Так это и получилось, ну единственное, что меня огорчило — они забрали все наши вещи, чтобы их «шмонать». И, конечно, не отдали ни письма, ни тетради, ни даже фотографии родных. И у меня нет на руках даже приговора, потому что тоже не отдали.

А в половине шестого нас поднимают, обыскивают, наголо эти приседания, ну, такая вот у них процедура, расписываемся за получение своих вещей, и нас ведут к такому «отстойнику», куда привозят этап. Нас туда подводят, стоит микроавтобус, стоят какие-то военные в амуниции. Нам говорят, что мы поступаем в распоряжение КГБ, и мы грузимся. В принципе, они к нам нормально относились, даже дали нам какой-то воды попить. Мы повыпивали всю их воду.
Мы осознавали, что нас вывозят. И, конечно, меня это очень огорчало. Я еще в «карантине» поняла, что меня не выпустят. А вся моя картина будущего все-таки была связана с Беларусью, с домом. Я мечтала, я хотела обнять сына, и на могилу матери сходить. И я осознаю это. Я, конечно, плакала там. Девки меня утешали.
И нас потом подвозят к этому автобусу большому и везут на таможню, было понятно, что нас выталкивают из страны. Без мешков на голове обошлось. А там я уже Евгения Меркиса встречаю. Нам дали крекеры, и потом зашел этот американец, который переговаривался с Лукашенко в середине лета. Мы по телевизору видели этого человека. И он заходит и говорит: «Мне очень жаль, что вы прошли через все, через что прошли, но теперь вы на свободе, поздравляю вас». Ну, мы, конечно, все похлопали, поблагодарили его.

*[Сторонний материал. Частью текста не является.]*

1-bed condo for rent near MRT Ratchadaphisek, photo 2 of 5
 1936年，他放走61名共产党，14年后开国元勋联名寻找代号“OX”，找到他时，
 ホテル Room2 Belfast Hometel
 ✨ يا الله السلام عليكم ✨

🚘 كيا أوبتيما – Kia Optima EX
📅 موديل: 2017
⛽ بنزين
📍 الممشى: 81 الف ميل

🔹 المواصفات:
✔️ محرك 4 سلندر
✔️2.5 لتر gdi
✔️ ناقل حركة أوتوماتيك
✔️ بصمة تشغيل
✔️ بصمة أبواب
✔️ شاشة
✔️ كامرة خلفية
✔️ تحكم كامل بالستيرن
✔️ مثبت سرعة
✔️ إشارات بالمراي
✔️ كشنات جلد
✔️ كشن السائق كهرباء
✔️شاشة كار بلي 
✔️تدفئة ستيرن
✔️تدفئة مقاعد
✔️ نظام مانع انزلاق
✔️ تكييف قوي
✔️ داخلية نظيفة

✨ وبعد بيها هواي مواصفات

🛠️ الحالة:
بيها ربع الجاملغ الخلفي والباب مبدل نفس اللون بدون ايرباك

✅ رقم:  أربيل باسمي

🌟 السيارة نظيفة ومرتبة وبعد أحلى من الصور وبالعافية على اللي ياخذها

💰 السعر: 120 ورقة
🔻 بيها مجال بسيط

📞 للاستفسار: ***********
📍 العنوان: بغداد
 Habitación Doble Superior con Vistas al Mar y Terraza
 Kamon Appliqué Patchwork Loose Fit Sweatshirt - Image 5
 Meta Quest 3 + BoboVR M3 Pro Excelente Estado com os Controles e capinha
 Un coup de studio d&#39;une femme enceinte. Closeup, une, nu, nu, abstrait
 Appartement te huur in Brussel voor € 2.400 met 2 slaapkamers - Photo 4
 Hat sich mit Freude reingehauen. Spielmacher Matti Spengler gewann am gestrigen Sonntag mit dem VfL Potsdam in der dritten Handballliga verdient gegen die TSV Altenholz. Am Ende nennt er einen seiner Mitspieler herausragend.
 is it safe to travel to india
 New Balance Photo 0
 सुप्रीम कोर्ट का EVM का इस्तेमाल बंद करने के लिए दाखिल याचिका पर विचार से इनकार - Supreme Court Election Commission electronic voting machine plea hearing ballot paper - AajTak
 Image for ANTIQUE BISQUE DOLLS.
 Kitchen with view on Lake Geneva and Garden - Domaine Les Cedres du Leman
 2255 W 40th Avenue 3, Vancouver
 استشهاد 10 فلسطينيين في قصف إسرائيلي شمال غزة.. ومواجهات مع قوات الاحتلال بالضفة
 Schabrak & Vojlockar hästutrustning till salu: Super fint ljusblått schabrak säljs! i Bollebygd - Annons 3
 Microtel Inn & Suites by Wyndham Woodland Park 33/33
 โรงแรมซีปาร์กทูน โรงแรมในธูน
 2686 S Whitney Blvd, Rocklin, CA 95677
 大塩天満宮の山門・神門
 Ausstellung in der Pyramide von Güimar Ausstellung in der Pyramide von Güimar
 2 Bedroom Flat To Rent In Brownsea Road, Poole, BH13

Ну и нам там 3-4 часа оформляли документы, поставили нам визы. Мы в это время сидели разговаривали. У меня с собой было сало, помидоры, я поела. Но мужчинам не дали с собой продукты взять. А у меня полный набор был. Я еще там угощала всех, кто что хотел.
Потом нас посадили в эти шикарные машины, привезли к американскому посольству (в Литве — ГВ). Там нас покормили немного. И вышли мы уже за это посольство, где стояли все наши активисты, журналисты, знакомые. Давай там обниматься, целоваться. Конечно, это очень трогательно было.

Что бы ты, пройдя через все это, хотела сказать тому режиму, что правит сейчас в Беларуси?
Все, что произошло со мной, — это не про закон. Закон не действует, и защитить свои права никак невозможно. По крайней мере, в политическом деле. Хотя, они же не признают, что мы — политические заключенные. Очень хочется, чтобы это политическое преследование закончилось, потому что это неимоверно вредит людям и стране. Страна обезлюдевает. Нельзя властям так вести себя, что после нас хоть потоп, главное — сохранить политическую власть. Уезжают мозги, убегают образованные, умные люди. А те, кто остаются, боятся уже тени своей. Я просто призываю власти: вы уже достигли всех своих целей, общество запугано, никаких потрясений уже не будет, дайте уже людям передохнуть. Стоит остановить это политическое преследование и дать возможность людям просто жить спокойно. И дать нам возможность безопасно вернуться.